Trabajar en casa llegó más pronto de lo imaginado.
El escritorio se convirtió en la mesa del comedor. Las reuniones son en videollamada. El trabajo por acceso remoto. Contacto con las personas, cero.
Y, ¿La rutina? Transmutó.
Entre 7:00 y 9:00 a.m. pongo ropa en la lavadora, hago el desayuno para la familia, lavo los trastes, tiendo camas y acomodo lo poco o mucho que haya fuera de su lugar.
Entre videollamadas, atención a requerimientos y trabajos de programación, intercalo, secar y doblar ropa, dar de comer a los animales y limpiar sus heces. Estirar las piernas unos minutos caminando en el jardín, hacer llamadas telefónicas. Algunas veces puede haber alguna que otra variante, pero ya no tiene nada que ver con lo que se vivía antes de febrero del año pasado, aunado a los trastornos en la economía, la vida en la calle, en la familia y la pérdida de vidas humanas.
Pero, ¿Cómo es que hemos tenido tal paciencia para sobrellevar el encierro?
Me recuerda un libro, El hombre en busca de sentido, de Viktor Frankl. Él se preguntaba qué hacía que la gente sobreviviera a las atrocidades y encontró precisamente que era el sentido que encontraban en la experiencia por la que estaban pasando.
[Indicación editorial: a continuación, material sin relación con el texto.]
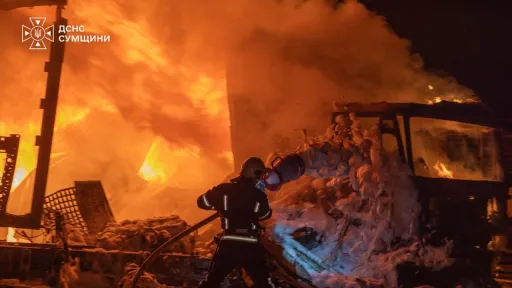 Украина Ресейге шабуылдады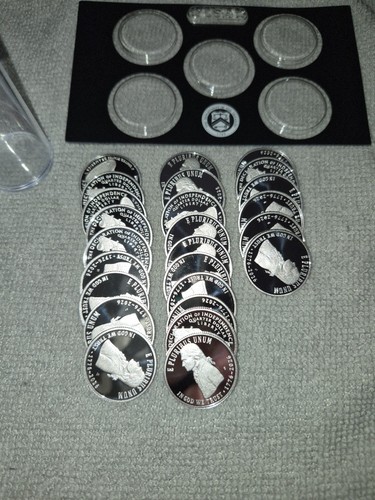 2026 silver proof - 2026-s,
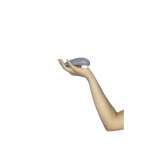 WOMANIZER - STARLET 3 CLITORAL STIMULATOR GRAY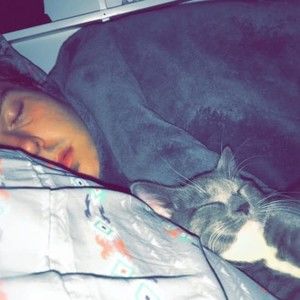 Meet your Posher, Cody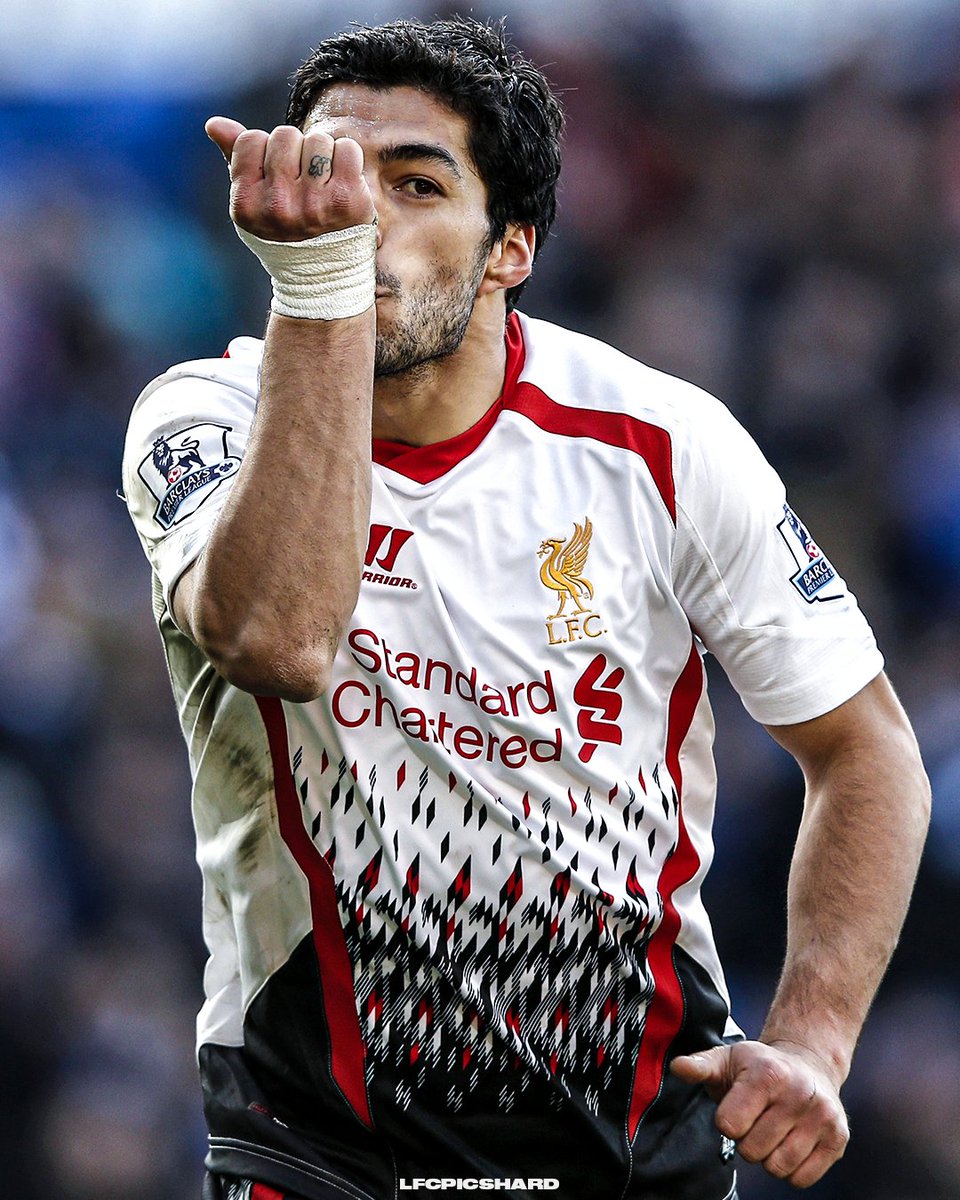 Liverpool Pictures That Go Hard tweet media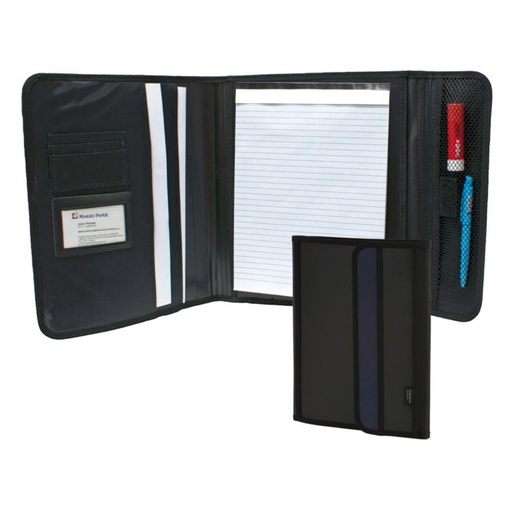 [180496] CARPETA CAMPUS PP A4 C/BLOC 2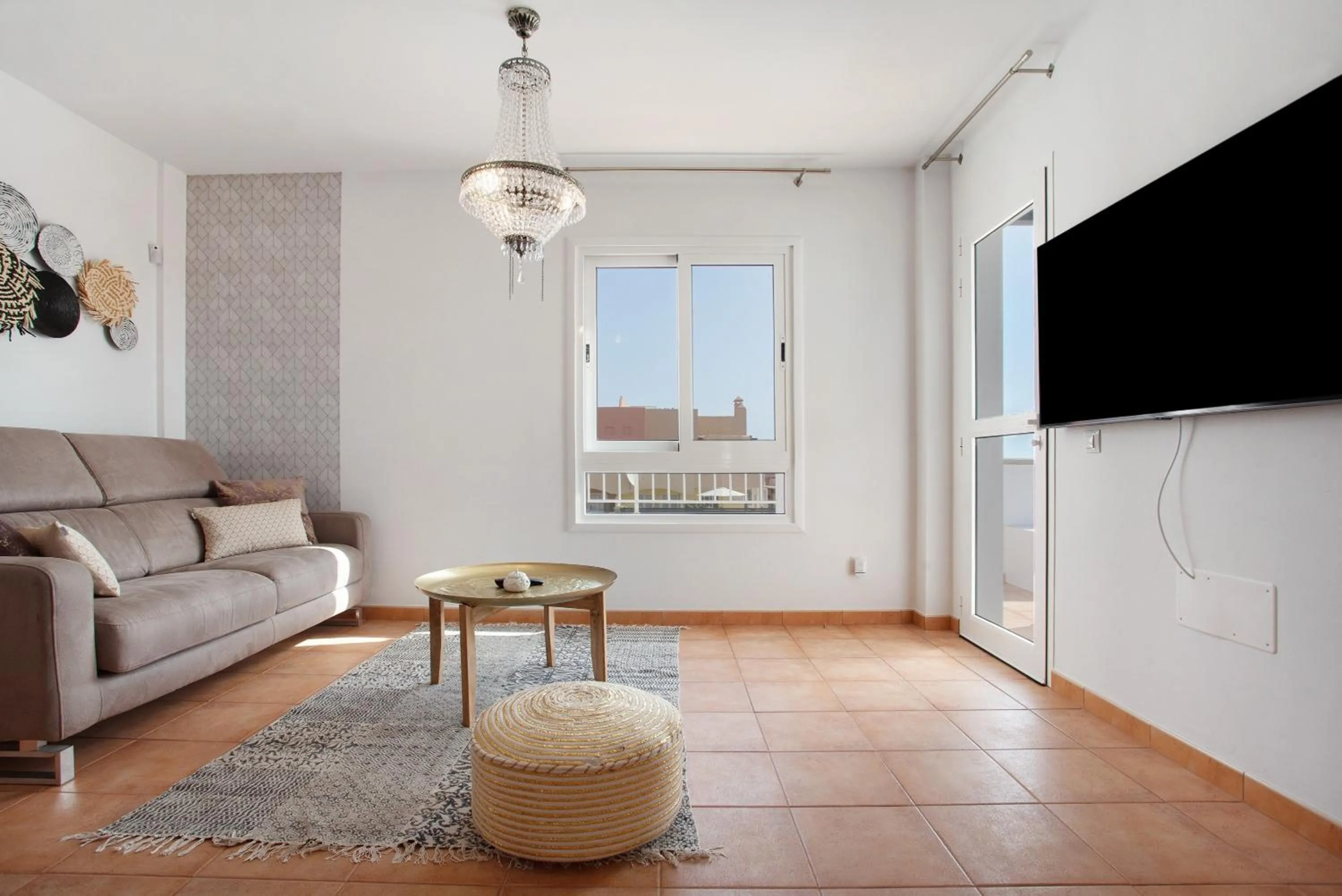 Property building in Luxury Ocean View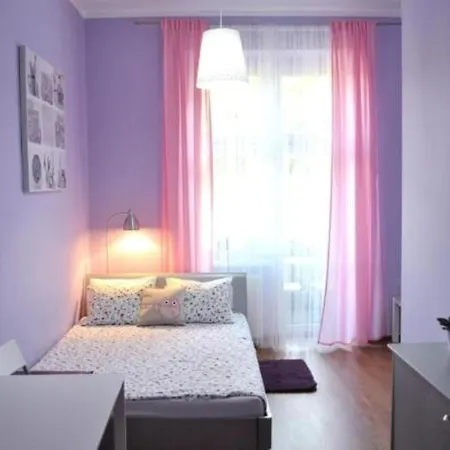 Daire Walonska Flats *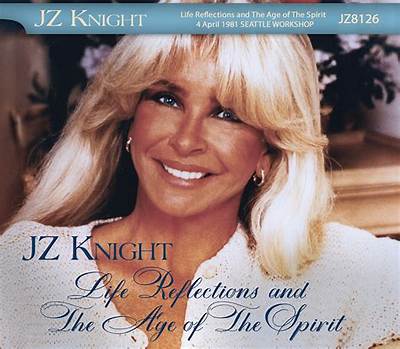 J. Z. Knight
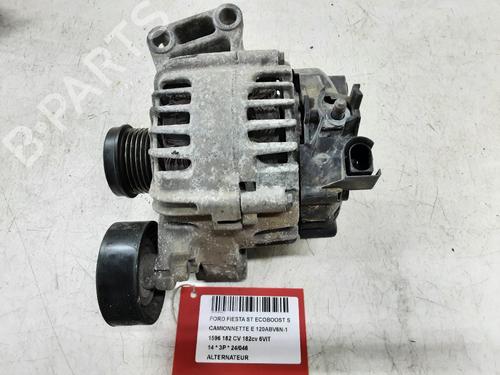 Used Alternator Alternator FORD FIESTA VI (CB1, CCN) 1.6 ST (182 hp) 28144180 28144180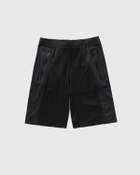 Alpha Industries Seamless Short Black Mens Sport & Team Short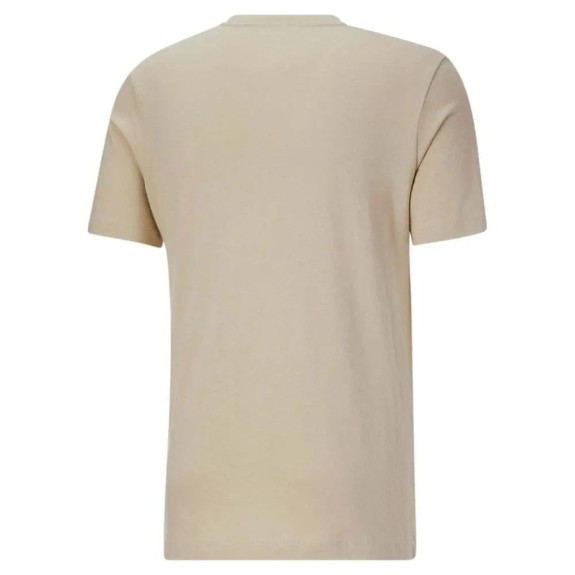 Футболка Puma Vert Tee 846986-42 (Оригинал) - фото №2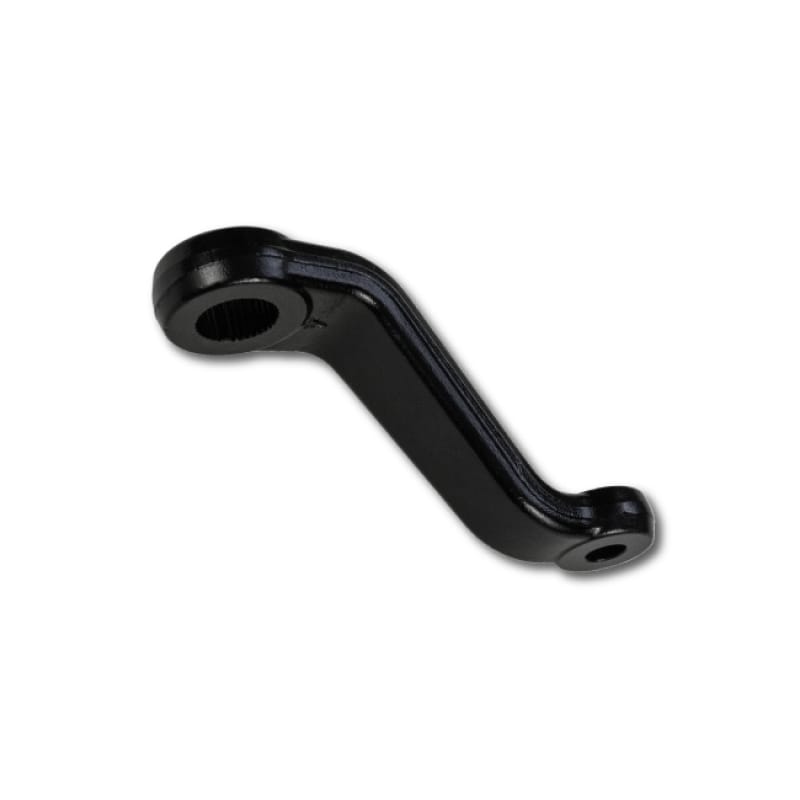 Rock Krawler — Rock Krawler 87-06 Jeep Wrangler YJ TJ & Unlimited LJ Standard 4 Drop Pitman Arm - Front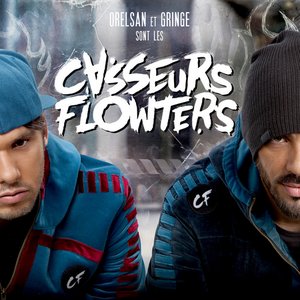 'Orelsan et Gringe Sont Les Casseurs Flowters'の画像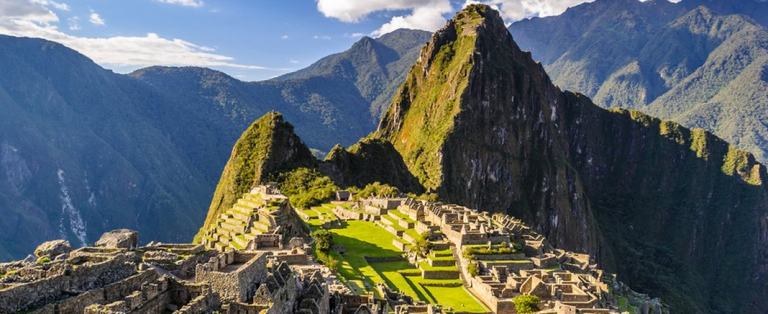 Cusco y Machu Picchu
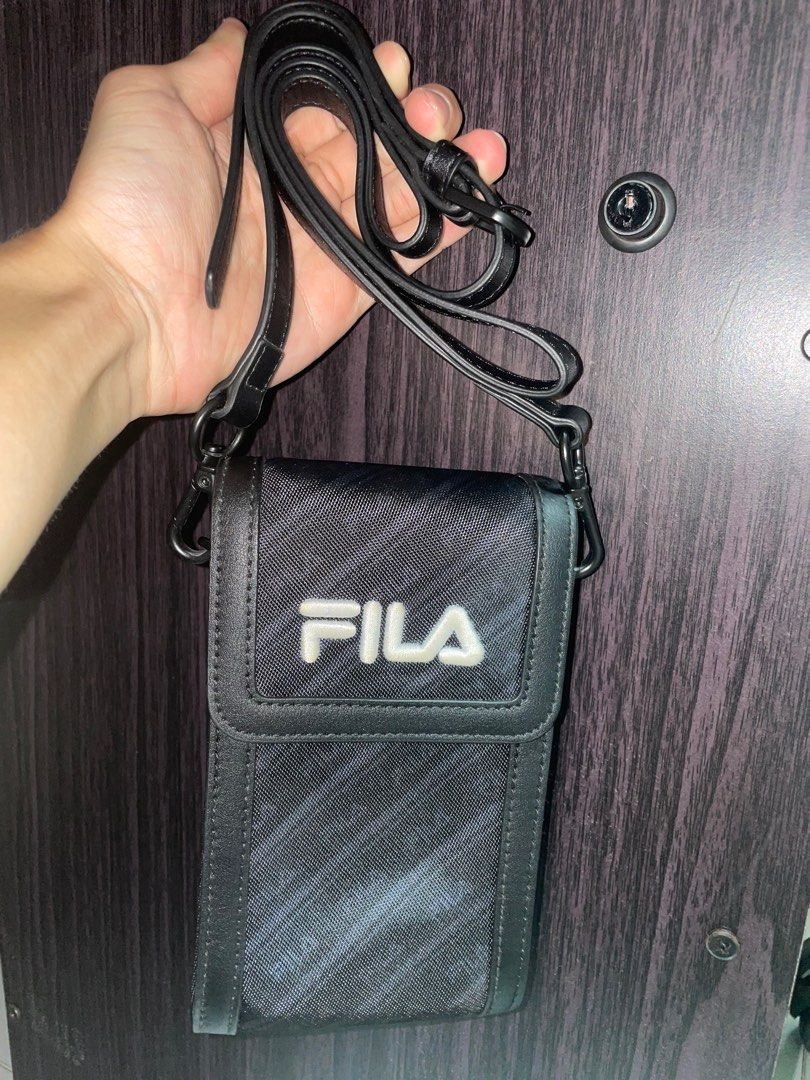 Fila cross bag new arrivals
Reencontrar a un familiar, volver a casa, visitar una vez más algún lugar, y muchas cosas más.
Escucho a la gente actualmente y todos tienen un algo de eso.
– Cuando pueda salir voy a ir a mi restaurante favorito.
– En cuanto esto termine organizaré una reunión con familiares y amigos.
– Aprovecharé la reservación al viaje que dejé pendiente.
Y, así va a ser, cuando esto termine.